# New TT user - absolutely love my TT - drive of your life



## lisa-tt-lover (Mar 20, 2010)

Hi all, I'm new to the forum. Bought my first (05 quattro) TT in September absolutely love it. I don't know how I ever managed without it - makes driving what it should be!


----------



## rustyintegrale (Oct 1, 2006)

lisa-tt-lover said:


> Hi all, I'm new to the forum. Bought my first (05 quattro) TT in September absolutely love it. I don't know how I ever managed without it - makes driving what it should be!


Good fun eh Lisa? 8)

Do you fancy getting still more pleasure from her?
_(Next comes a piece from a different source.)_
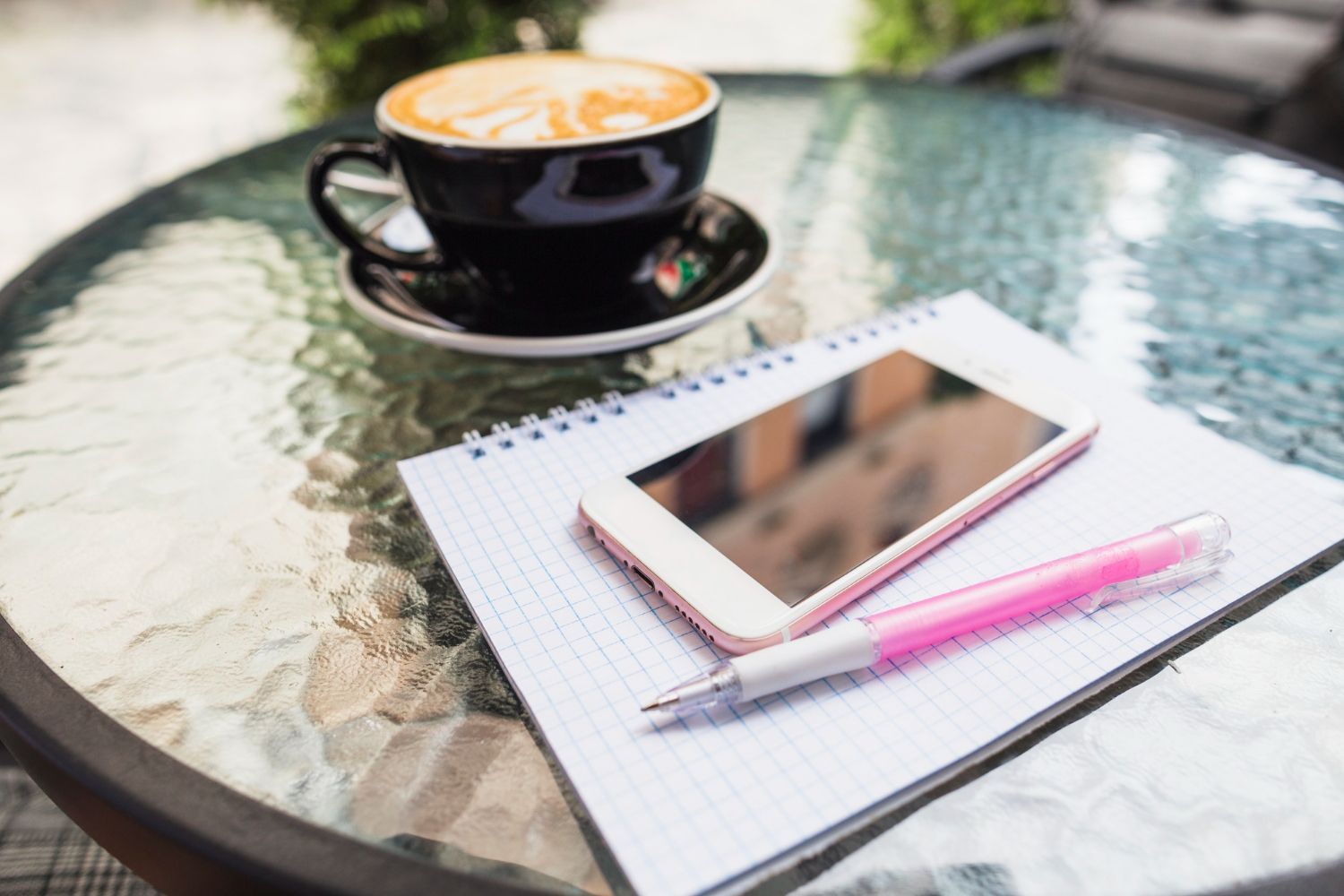 Coffee cup, notebook, smartphone, and pen on a glass table outdoors.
Click the links below my sig strip and find out how... :wink:

Cheers and welcome to the Forum.

Rich


----------



## TT_Tesh (Feb 22, 2009)

Lets see some picTTures!!!


----------



## davelincs (Jan 1, 2010)

Hi Lisa, welcome to the forum


----------



## T ROB T (Dec 7, 2008)

Welcome and enjoy the fun


----------



## T3RBO (Dec 9, 2003)

Welcome to the forum


----------



## YELLOW_TT (Feb 25, 2004)

Welcome dont forget to join the TTOC www.ttoc.co.uk


----------



## DAZTTC (May 20, 2005)

Hi welcome to the forum


----------



## ahaydock (Sep 19, 2006)

Welcome along to TTF.


----------



## Jamo8 (Apr 23, 2009)

Welcome to the forum Lisa


----------



## wallstreet (Oct 19, 2009)

Welcome Lisa, Welcome to the pleasuredome of Life, of what driving may be, should be, could be but now is everyday a smile on your cheek grinning face... we are all TT lovers on here enjoy the planet of TT knowledge online the definitive space for you to explore all you want, all you need.. have fun :twisted: :roll:


----------



## Wallsendmag (Feb 12, 2004)

Welcome to the forum


----------